Activist investor Macellum Capital Management stepped up its attack against the board of Citi Trends Inc. and clarified past discussions with the company.
Last week, the fund group sent a letter to the retailer’s board of directors stating that it had nominated four director candidates for election at the firm’s 2017 annual meeting of shareholders on May 24. The letter spoke about Macellum’s concern over the retailer’s “prolonged” underperformance, board oversight and corporate governance issues.
One of the nominees was Jonathan Duskin, Macellum’s chief executive officer. The other three have held various senior level positions at different retail chains: Dyan Jozwick, Lana Cain Krauter and Paul Metcalf.
Citi Trends last week said its had discussions with Duskin multiple times regarding the addition of independent directors, and that the company’s board had determined that a change “as Mr.
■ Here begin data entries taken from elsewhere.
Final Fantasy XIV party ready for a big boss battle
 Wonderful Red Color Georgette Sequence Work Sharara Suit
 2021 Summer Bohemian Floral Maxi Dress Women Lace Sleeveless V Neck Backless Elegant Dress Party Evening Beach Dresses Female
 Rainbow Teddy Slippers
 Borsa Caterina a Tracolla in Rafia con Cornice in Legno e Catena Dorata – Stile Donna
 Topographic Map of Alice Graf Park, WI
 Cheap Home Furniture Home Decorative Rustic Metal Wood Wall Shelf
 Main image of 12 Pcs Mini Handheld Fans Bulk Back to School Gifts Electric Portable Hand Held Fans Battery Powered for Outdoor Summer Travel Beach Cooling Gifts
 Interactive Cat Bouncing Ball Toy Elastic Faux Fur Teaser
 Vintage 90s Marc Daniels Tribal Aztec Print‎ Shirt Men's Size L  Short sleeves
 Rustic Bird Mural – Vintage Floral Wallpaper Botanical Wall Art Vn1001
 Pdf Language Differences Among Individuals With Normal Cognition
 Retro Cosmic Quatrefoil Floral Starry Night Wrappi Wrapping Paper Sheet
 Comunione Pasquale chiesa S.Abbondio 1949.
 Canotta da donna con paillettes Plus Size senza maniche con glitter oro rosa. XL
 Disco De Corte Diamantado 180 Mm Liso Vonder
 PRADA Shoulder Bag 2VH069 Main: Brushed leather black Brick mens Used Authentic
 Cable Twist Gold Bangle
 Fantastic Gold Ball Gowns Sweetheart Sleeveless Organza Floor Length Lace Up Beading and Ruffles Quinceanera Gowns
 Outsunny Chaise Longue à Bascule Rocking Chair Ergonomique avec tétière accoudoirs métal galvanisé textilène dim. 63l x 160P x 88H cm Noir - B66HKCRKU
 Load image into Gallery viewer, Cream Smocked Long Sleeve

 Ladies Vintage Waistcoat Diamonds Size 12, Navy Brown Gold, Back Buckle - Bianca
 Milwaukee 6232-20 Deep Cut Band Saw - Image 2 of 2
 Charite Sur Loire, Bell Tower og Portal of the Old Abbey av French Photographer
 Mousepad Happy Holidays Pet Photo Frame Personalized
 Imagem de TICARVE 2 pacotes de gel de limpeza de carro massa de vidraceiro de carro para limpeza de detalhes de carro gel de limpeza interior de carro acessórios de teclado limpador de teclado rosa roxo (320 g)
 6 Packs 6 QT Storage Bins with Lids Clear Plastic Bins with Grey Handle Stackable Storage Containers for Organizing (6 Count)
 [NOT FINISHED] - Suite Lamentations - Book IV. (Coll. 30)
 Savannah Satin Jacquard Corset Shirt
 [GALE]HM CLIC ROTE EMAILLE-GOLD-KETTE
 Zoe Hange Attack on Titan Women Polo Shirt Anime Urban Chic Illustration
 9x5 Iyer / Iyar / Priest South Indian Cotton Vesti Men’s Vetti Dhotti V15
Duskin had proposed was not in the best interest of Citi Trends and its stockholders….” Further, the retailer said it proposed adding one new independent director not connected with Macellum and who also would be mutually agreed upon by the two, but that the “offer was rejected,” as were other proposed suggestions by Citi Trends.
In trying to set the record straight, Macellum’s stance was that the retailer would only “consider” the addition of up to two new independent candidates. Further, it said the retailer’s board was unwilling to consider any issue other than an expansion of the board. The activist investor on Wednesday also disclosed that the retailer “demanded that Macellum agree to a non-market, two-year standstill.” Macellum said it was willing to agree, but only on certain terms and that the parties couldn’t reach an agreement on what metrics would govern the standstill.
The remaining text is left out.